Dr. Koto Shinryoujo - Vol. 5 Ch. 46 - Dr. Koto Anguishes

Dex-chan lover
Joined
Oct 16, 2018
Messages
492
It may be fucked up but. I'm happy that Koto didn't have enough of an ability to deal against the old man's cancer. He really does know his abilities
 
Group Leader
Joined
Jan 19, 2018
Messages
130
I dont really like the old man that much previously but this chapter kinda changes my view about that.

Another emergency! Both men work together! DX

Thank you Zoro!
 
Double-page supporter
Joined
Sep 1, 2018
Messages
1,185
One life slowly ends;
one life suddenly begins;
Thanks, Doctor Koto.
 
Joined
Jan 28, 2018
Messages
9
Wtf koto
The best surgeon is the one who know when he does not need to cut a patient.

He knew that the patient has terminal pancreatic cancer.

Just by putting the frail old man under general anesthesia and cutting him up, without an anesthetist, he ran the risk of killing his patient right then and there, not even mentioning the recovery of the wound and infection, which would be a huge deal for a frail old man.

Doctors do not operate “even if there is only a small chance”
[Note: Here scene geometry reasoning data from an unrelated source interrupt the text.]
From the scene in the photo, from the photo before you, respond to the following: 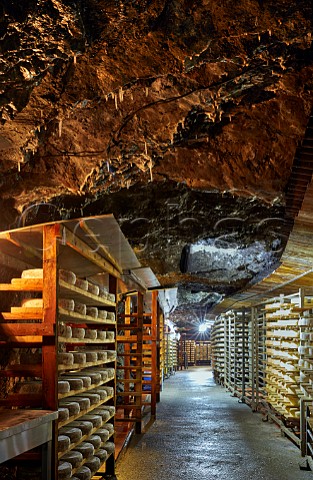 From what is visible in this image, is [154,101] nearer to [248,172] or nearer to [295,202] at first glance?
[248,172]

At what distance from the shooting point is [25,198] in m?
6.31

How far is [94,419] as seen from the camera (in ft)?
18.6

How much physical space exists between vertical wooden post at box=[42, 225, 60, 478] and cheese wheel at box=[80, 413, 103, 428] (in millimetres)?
1600

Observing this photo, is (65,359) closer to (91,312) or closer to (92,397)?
(91,312)

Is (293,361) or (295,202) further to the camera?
(293,361)

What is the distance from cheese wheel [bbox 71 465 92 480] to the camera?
4874 millimetres

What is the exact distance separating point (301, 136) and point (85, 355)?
325 cm

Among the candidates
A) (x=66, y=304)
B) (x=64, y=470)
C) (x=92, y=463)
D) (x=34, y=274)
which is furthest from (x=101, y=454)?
(x=34, y=274)

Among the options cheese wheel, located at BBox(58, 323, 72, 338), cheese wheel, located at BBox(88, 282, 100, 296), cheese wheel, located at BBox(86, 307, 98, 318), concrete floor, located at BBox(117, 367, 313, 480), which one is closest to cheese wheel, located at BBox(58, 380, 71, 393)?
cheese wheel, located at BBox(58, 323, 72, 338)

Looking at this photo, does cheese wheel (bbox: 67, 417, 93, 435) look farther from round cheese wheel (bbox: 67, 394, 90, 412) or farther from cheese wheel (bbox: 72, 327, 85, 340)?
cheese wheel (bbox: 72, 327, 85, 340)

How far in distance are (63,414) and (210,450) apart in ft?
15.2

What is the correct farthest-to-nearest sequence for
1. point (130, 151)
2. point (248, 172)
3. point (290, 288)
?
point (290, 288), point (248, 172), point (130, 151)

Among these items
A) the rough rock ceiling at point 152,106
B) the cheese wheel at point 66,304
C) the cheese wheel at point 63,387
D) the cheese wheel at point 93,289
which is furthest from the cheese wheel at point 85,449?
the rough rock ceiling at point 152,106

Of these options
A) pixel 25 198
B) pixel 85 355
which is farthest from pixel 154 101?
pixel 85 355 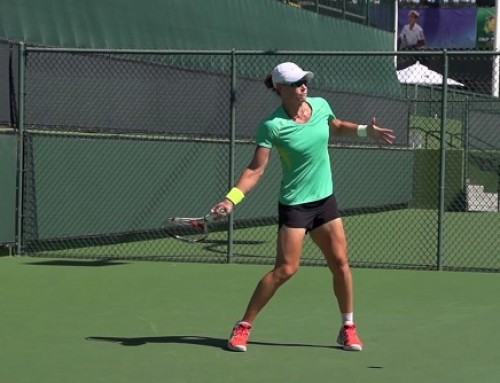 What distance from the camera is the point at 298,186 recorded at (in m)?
7.54

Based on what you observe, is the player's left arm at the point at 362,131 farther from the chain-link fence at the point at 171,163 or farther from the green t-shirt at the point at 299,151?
the chain-link fence at the point at 171,163

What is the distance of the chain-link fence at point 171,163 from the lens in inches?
531

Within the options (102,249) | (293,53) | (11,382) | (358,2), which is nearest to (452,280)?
(293,53)

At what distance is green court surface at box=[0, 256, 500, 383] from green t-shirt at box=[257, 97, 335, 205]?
1047 mm

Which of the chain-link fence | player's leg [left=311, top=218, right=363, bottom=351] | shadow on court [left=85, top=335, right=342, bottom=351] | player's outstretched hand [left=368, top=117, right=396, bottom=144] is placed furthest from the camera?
the chain-link fence

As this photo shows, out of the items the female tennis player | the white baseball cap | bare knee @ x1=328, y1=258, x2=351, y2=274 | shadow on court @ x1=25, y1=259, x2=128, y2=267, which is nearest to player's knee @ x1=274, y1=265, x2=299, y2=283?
the female tennis player

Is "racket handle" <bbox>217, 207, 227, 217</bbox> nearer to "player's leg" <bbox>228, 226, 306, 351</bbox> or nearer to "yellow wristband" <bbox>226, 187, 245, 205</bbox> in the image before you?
"yellow wristband" <bbox>226, 187, 245, 205</bbox>

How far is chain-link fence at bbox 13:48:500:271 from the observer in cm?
1348

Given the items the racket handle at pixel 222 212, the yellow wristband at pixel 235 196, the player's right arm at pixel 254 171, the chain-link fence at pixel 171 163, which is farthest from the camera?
the chain-link fence at pixel 171 163

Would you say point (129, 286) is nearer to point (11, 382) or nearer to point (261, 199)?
point (11, 382)

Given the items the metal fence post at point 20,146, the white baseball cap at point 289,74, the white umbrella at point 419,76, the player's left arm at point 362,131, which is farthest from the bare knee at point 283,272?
the white umbrella at point 419,76

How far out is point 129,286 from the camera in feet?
35.9

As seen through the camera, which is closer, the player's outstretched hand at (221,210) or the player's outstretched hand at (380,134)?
the player's outstretched hand at (221,210)

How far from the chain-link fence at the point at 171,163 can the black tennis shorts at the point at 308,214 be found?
490 centimetres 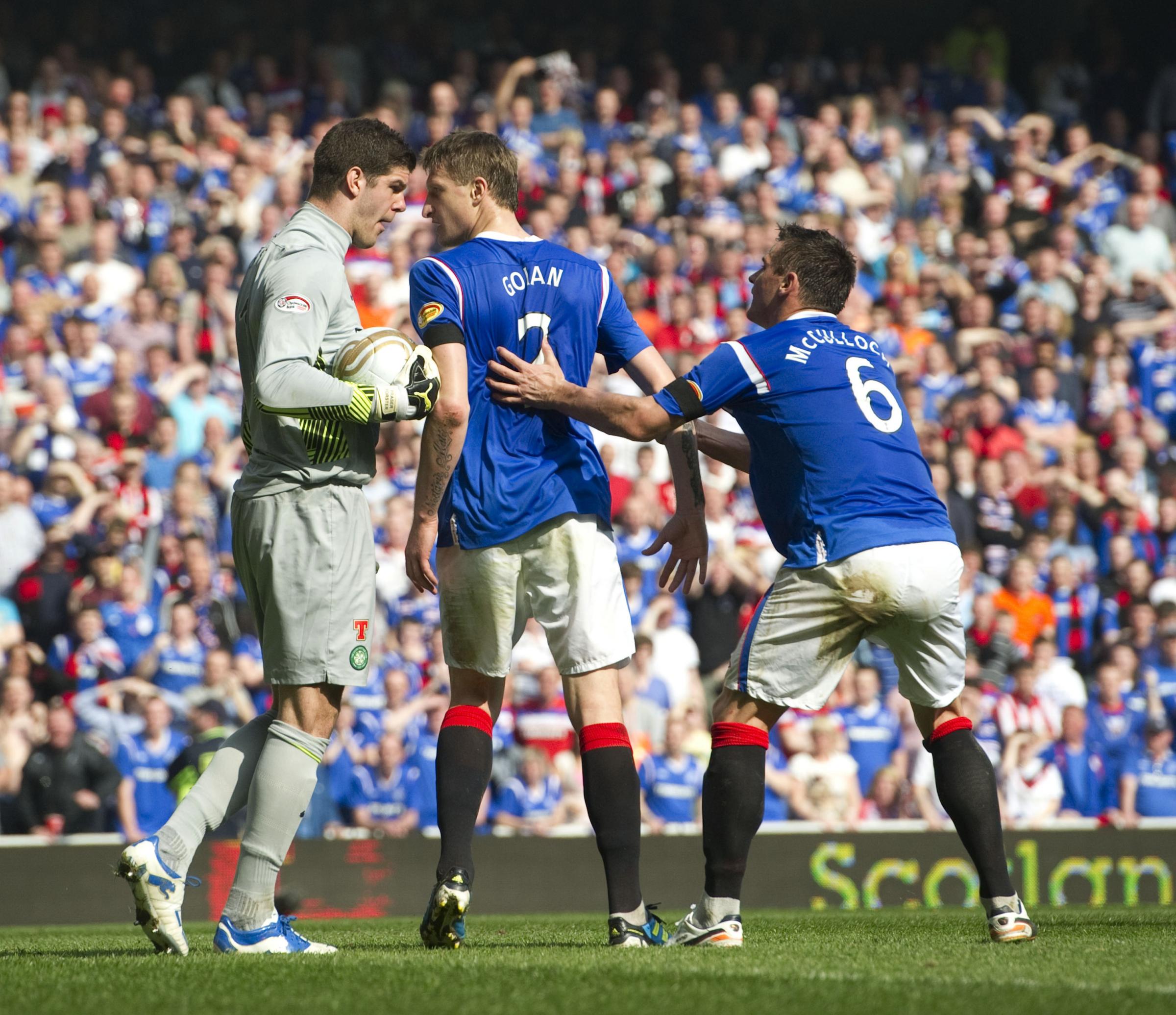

Blinded by his own ego and arrogance, doctor koto’s management of this patient was a colossal clusterfuck and might even bordering on unethical.
 
Fed-Kun's army
Joined
Aug 11, 2018
Messages
289
Tbf he has done other crazy stuff as well but got a pass just because it went well, now not only failed, he also lied to the patient... Wtf
 
Group Leader
Joined
Nov 5, 2018
Messages
83
@Andraker

I wouldn't say he really lied though. Dr. Furukawa knew what the result was, which imo is signified by both their wordless stares to each other on page 8.

@19012537

Yeah, I thought about the anesthesia part myself, but the dangers of anesthesia might have just been something the mangaka didn't think of. He's not a doctor, and I don't remember any cases where anesthesia is a problem/dangerous in the rest of the manga. I wouldn't blame Dr. Koto for this!!
 
Joined
Jan 28, 2018
Messages
9
@First_Mate_Zoro

Even without the anesthesia aspect, the post-op recovery was going to be a huge deal. As you can image, cutting up a person's abdomen is no laughing matter. In the scenario that Doctor Koto did nothing after opening hip um, this old man is going to be bed-bound for at least 2-3 days. He will need an IV for fluid and considering that the gastrointestinal tract was touched upon, might need to be NPO (nothing per oral) for 1 or 2 days. If he can't move, he will also need a foley's catheter. This would expose him to a slew of condition in the undoubtedly not that sanitary clinic, including urinary tract infection, atelectasis, pneumonia, and god knows what. During his bed-bound period, his muscle will also waste away due to malnutrition. He would likely need physical rehabitation in order to walk again.

And that is if Koto did nothing. Assuming that Koto decided to do something, that would be Whipple's operation (the "cure" for pancreatic cancer), AKA pancreaticoduodenectomy AKA cutting away the pancrease and part of intestine, then stitching the rest together. It is a huge operation which undoubtedly puts tremendous strain on a patient. As his intestine was stitched together, the patient would need to be NPO for at least 3 days, sometimes up to 7 days. As you can imagine, you will need to multiply all the complications above by a lot, all of which can potentially kills him. Even if he is "cured" of his cancer, he might die 2 weeks later from a hip fracture caused by simple fall. This does not count the mandatory chemotherapy or radiation therapy which he might need afterward.

What is most important is definitely not only the success of the surgery, but what the quality of life of the patient will be after that, for a surgeon who only cares about his surgery is not a doctor, but only a butcher.